Ce pas à pas présente un projet en cours de réalisation.
Bonjour à tous,
Je propose dans cet article de préciser brièvement l’état des connaissances en flambement et stabilité. Je précise que je ne ferai aucune démonstration car celles-ci emploient le calcul tensoriel, la géométrie non Euclidienne (car la géométrie Euclidienne, que l’on enseigne aujourd’hui, est malheureusement inexacte puisque le dernier axiome est erroné) et beaucoup d’autres choses en mathématiques très avancés.
Liste des articles
FLAMBEMENT EULERIEN
Revenons brièvement sur le flambage Eulérien que l’on apprend à l’école, et qui existe depuis 2,5 siècles.
Cette formulation est basée sur la recherche de valeurs propres et de modes à droite et détermine les points de bifurcation de la courbe donnant les chargements en fonction des déplacements d’un point.

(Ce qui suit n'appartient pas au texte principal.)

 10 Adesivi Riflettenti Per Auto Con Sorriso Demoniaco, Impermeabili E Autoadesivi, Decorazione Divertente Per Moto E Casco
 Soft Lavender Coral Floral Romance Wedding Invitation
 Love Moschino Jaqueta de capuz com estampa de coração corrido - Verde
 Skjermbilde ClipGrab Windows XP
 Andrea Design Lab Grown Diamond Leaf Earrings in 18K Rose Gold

La structure suit dans un premier temps une courbe de chargement linéaire jusqu’à la charge critique, puis une autre courbe après flambement. Ce type d’analyse est très académique et ne place généralement pas en sécurité. Il ne tient pas compte des non linéarités et des imperfections. Le comportement post flambage est totalement inaccessible. Par contre cette méthode est justifiée pour des structures élastiques et linéarisables, et de plus une étude plus détaillée du comportement après bifurcation peut donner des estimations raisonnables de la charge critique réelle avec des imperfections.
Le flambement est donc une bifurcation d’équilibre avec perte d’unicité de la solution à partir d’une certaine charge.
LES NON LINEARITES
Pour aborder réellement le flambement il faut considérer ce qui se passe dans une structure qui se déforme. Les mathématiques montrent que la déformation n’est pas proportionnelle aux déplacements, il y a une partie linéaire et une partie non linéaire qui existe aussi. Les résultats sont très différents si l’on considère cette non linéarité géométrique, la loi de comportement étant toujours linéaire en première hypothèse.

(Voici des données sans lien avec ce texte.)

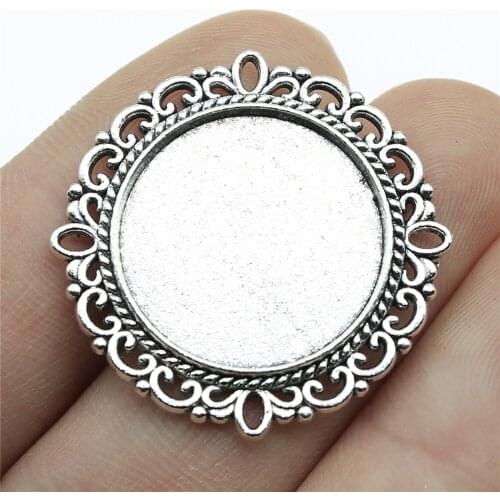 WYSIWYG 5pcs 20mm Inner Size Round Antique Silver Color Simple Zinc Alloy Cameo Cabochon Base Setting Charms Pendant DIY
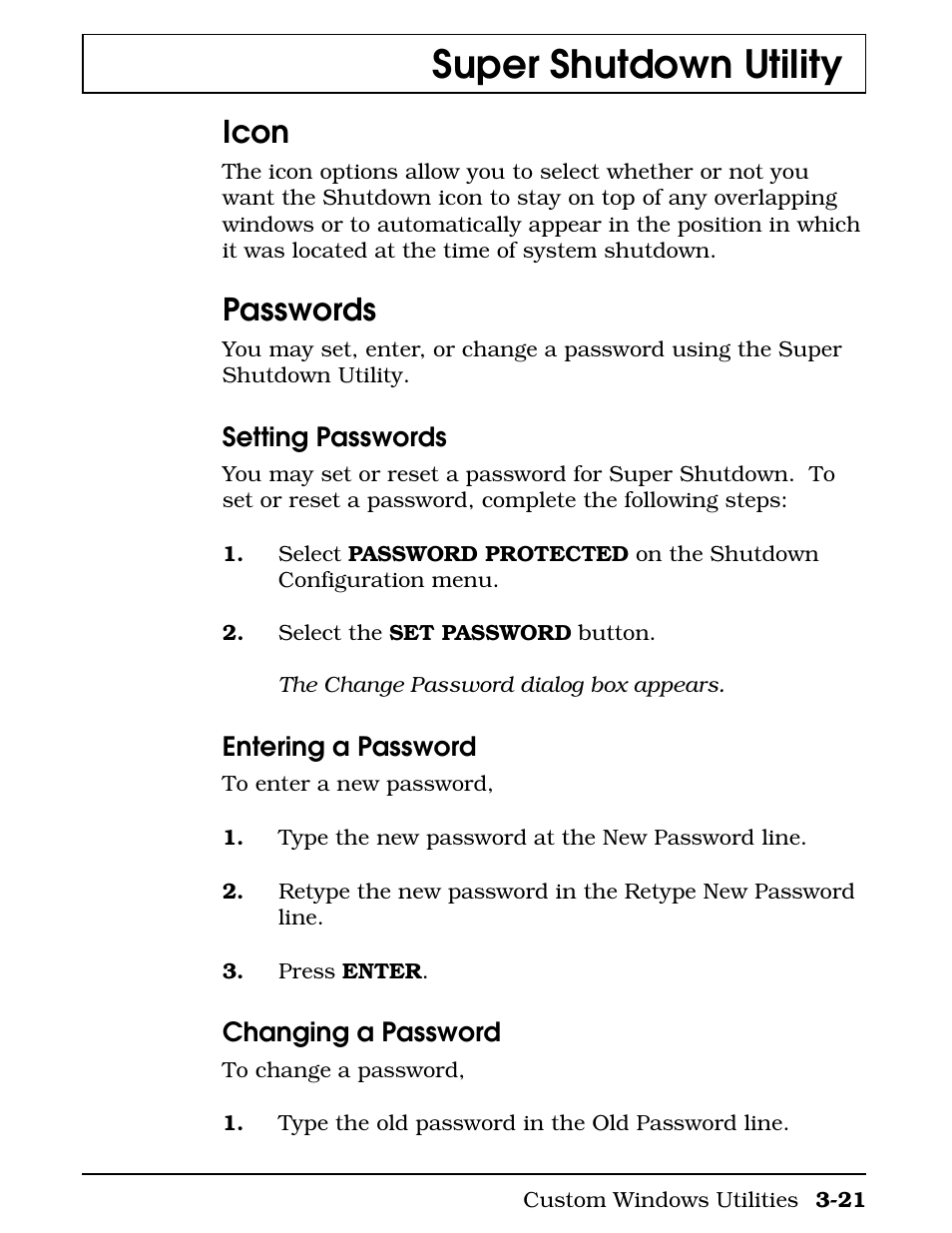 Icon, Passwords, Super shutdown utility | Texas Instruments 4000M User Manual | Page 72 / 295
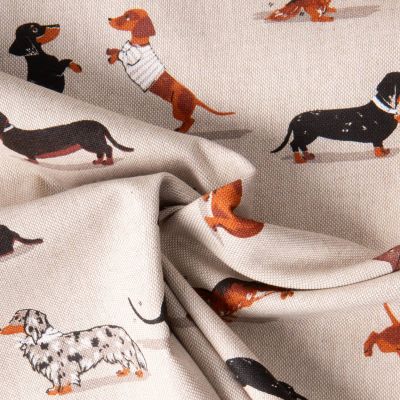 Tissu Toile de Coton Teckels sur fond Naturel - Par 10 cm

Enfin il y a aussi la loi de comportement qui est non linéaire : élastoplasticité, fluage, viscoélastoplasticité…..
Cette partie est assez complexe car il faut tenir compte des écrouissages (isotropes, cinématiques, à variables internes… ) et de tout le processus. Une chose particulièrement importante est le critère tridimensionnel de plasticité. Il définit un domaine dans l’espace des contraintes à 3 ou 6 dimensions, à l’intérieur duquel toute variation de contrainte n’engendre que des déformations élastiques ; Le moyen le plus simple pour mettre en évidence ce domaine est d’utiliser des essais de traction, de compression, de torsion. Ce domaine n’est malheureusement pas convexe et nécessite plusieurs procédés d’analyses numériques. Il existe plusieurs critères de plasticité, citons le critère de Mises, de Tresca, de Drucker, et pour le bois le critère de Tsai.
Ce dernier critère permet de considérer les différences éventuelles d’état d’écrouissage en traction et en compression. Avec toutes les simplifications nécessaires, il reste la détermination expérimentale de 8 coefficients pour aboutir à ce critère en direction des fibres du bois. Ceci nécessite des essais de traction, de compression et des essais de cisaillement dans différentes directions. La plasticité dans le bois ce sont en fait les fibres qui glissent les unes sur les autres.
Il faut à peu près deux années avant que l’esprit se forme à cette théorie, et l’analyse numérique est des plus complexe (analyse implicite aujourd’hui, après environ 12 ans d’erreurs avec l’explicite….mais qui donnait tout de même des résultats).
Mais n’imaginez pas que l’élastoplasticité est un truc qui ne se rencontre jamais. J’ai calculé un réservoir sous pression en 1982 et il s’avère que lors des essais la care est entièrement plastifiée (j’aurai du dire élastoplastifiée car plastifiée seulement cela n’existe pas sauf dans les cas académiques). On remarque que la care est en compression d’où le risque de flambement.
On l’utilise aussi avec les métaux : le clinchage par exemple.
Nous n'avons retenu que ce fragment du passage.